Both group a sequence of characters so quantifiers and alternation apply to the whole group, but (abc) is a capturing group — it stores the matched text and makes it available via backreferences (\1) or in your match results. (?:abc) is a non-capturing group — it groups without storing anything, which is slightly faster and keeps your capture group numbering clean when you don't need the matched text.
How do lookaheads and lookbehinds differ from regular matching?
Lookarounds let you assert that a pattern exists (or doesn't) immediately before or after your match, without including it in the match itself. \d+(?= dollars) matches the digits in "100 dollars" but the match result is just "100" — the lookahead checks for " dollars" without consuming it. This is useful for validating context (like currency formatting) without capturing the context as part of your result.
What does ^ mean inside vs. outside square brackets?
Outside brackets, ^ is an anchor meaning "start of string" — ^Hello matches strings that begin with "Hello". Inside a character class [^abc], it negates the class — matching any character that is NOT a, b, or c. Context is everything.
Why does my dot . not match newlines?
By default, . matches any character except a newline (\n). Enable dotall mode (the s flag in most engines, or re.DOTALL in Python) to make . match newlines too. Alternatively, use [\s\S] as a portable workaround that works in all engines.
Why does my regex match more or less than I expect?
The most common causes are: using a greedy quantifier where a lazy one was needed, forgetting that . doesn't match newlines by default (use the s/dotall flag if it should), or missing the g/global flag so only the first match is returned. Testing incrementally — building up your pattern piece by piece — is the fastest way to catch these issues.
Is regex the right tool for parsing HTML or JSON?
Generally, no.
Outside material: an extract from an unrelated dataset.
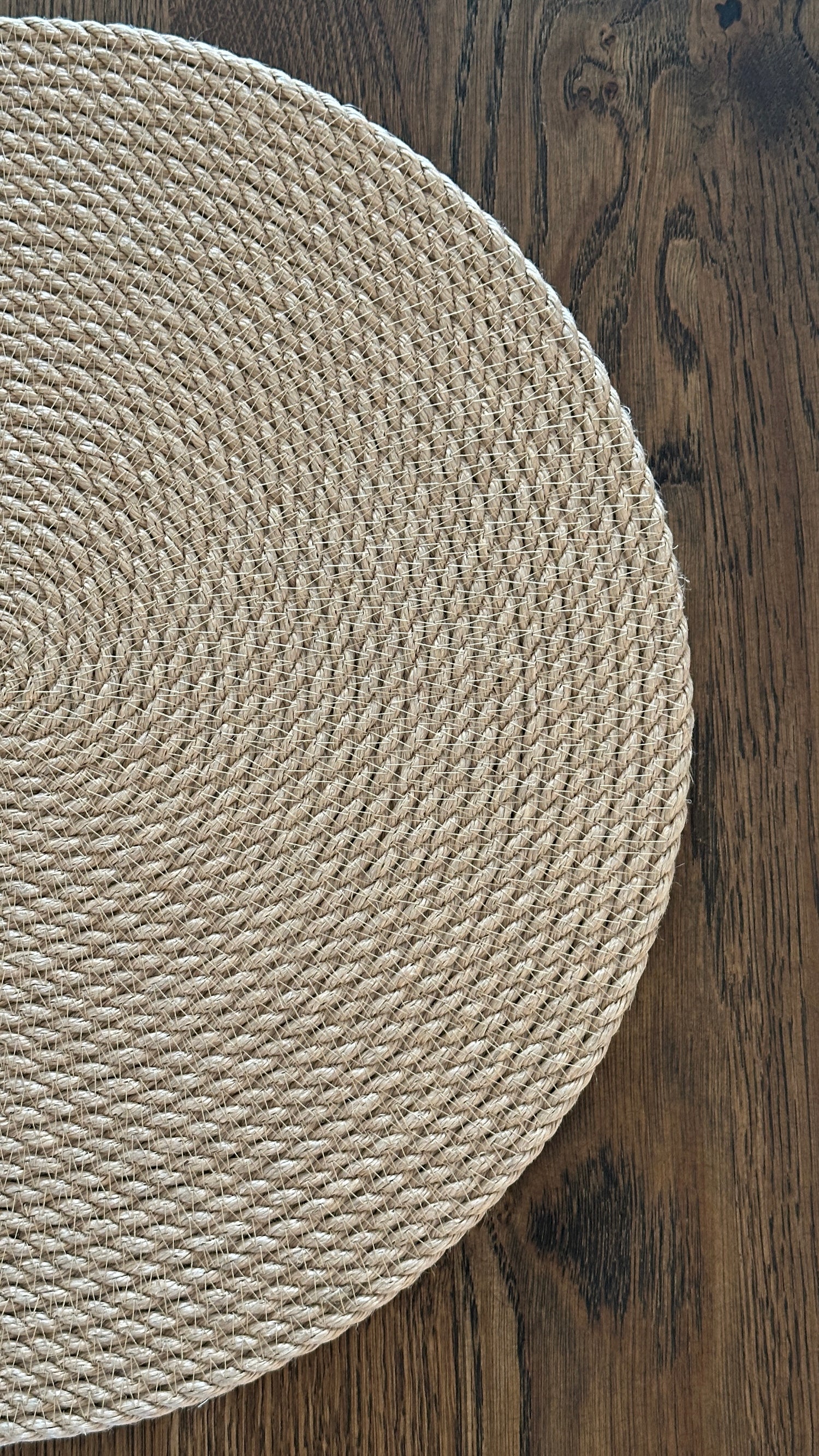 Nærbillede af rund jutedækkeserviet, håndlavet med høj kvalitet og præcist udført.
Regex works well for flat, predictable text patterns, but HTML and JSON are structured, nested formats that regex struggles to parse correctly — especially with deeply nested tags or escaped quotes. Use a proper parser (a DOM library for HTML, JSON.parse or similar for JSON) instead. Regex is fine for simple, targeted extraction from already-parsed structured data, but not for parsing the structure itself.
Are named capture groups supported everywhere?
Named groups ((?<name>...)) are supported in JavaScript (ES2018+), PCRE, Python (with the ?P<name> syntax), Java, and .NET. Older JavaScript engines and some legacy regex flavors don't support them — if you need broad compatibility, use numbered backreferences (\1, \2) instead and refer to groups by position.
What are common mistakes beginners make with regex?
The top three: (1) forgetting to escape metacharacters like . and + when you mean them literally; (2) writing greedy quantifiers when you need lazy ones, causing over-matching; (3) using regex for tasks better handled by a parser — parsing HTML or JSON with regex is notoriously fragile. Use a proper parser for structured formats.